British television and film producer Teddy Leifer, 29, has received an Oscar nomination for Best Documentary with his film The Invisible War.
The Kilburn resident and member of New London Synagogue is one of the few British Jews to be honoured by the Academy this year. Mr Leifer was an executive producer on the film, released across America last June.
The documentary, written and directed by Kirby Dick, explores the topic of sexual assault in the US military. According to the film, there were 3,158 cases of sexual assault reported within the US military in 2011.
Mr Leifer said: “The most important thing about this film is that it can trigger change. It has been very gratifying to see it starting to seep in and having an effect. The US is a noisy place with a lot going on so it requires a piece of powerful material to focus people’s minds on what is, without doubt, an epidemic.

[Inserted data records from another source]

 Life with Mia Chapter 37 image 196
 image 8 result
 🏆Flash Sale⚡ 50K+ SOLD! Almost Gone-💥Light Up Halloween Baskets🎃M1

“As early as April last year President Obama issued a statement calling for sexual assault to be thoroughly investigated and offenders held accountable, as a result of the film, and that was the first ever statement on the issue of sexual assault in the military. Every one of his Joint Chiefs of Staff have also now seen the film.”
Mr Leifer added: “It is now estimated that ten per cent of the armed forces have seen the film. Republican Buck McKeon, chair of the House Armed Services Committee, has scheduled a committee hearing on sexual assault and this is the first time this has ever happened.
“The nomination is incredibly helpful. The Academy Awards are a powerful thing in this respect.”
Mr Leifer, once a member of Noam youth movement, founded his production company, Rise Films, in 2007 and has since produced programmes for both UK and US television with features on BBC, Channel 4, PBS and HBO.
Mr Leifer will be attending the Academy Awards for the first time on February 24. “I am very excited, although I haven’t given much thought about it. We are too busy getting the word out at the moment,” he said.
The Invisible War will be up against four other films for the Oscar, including two Israeli-made documentaries — 5 Broken Cameras and The Gatekeeper.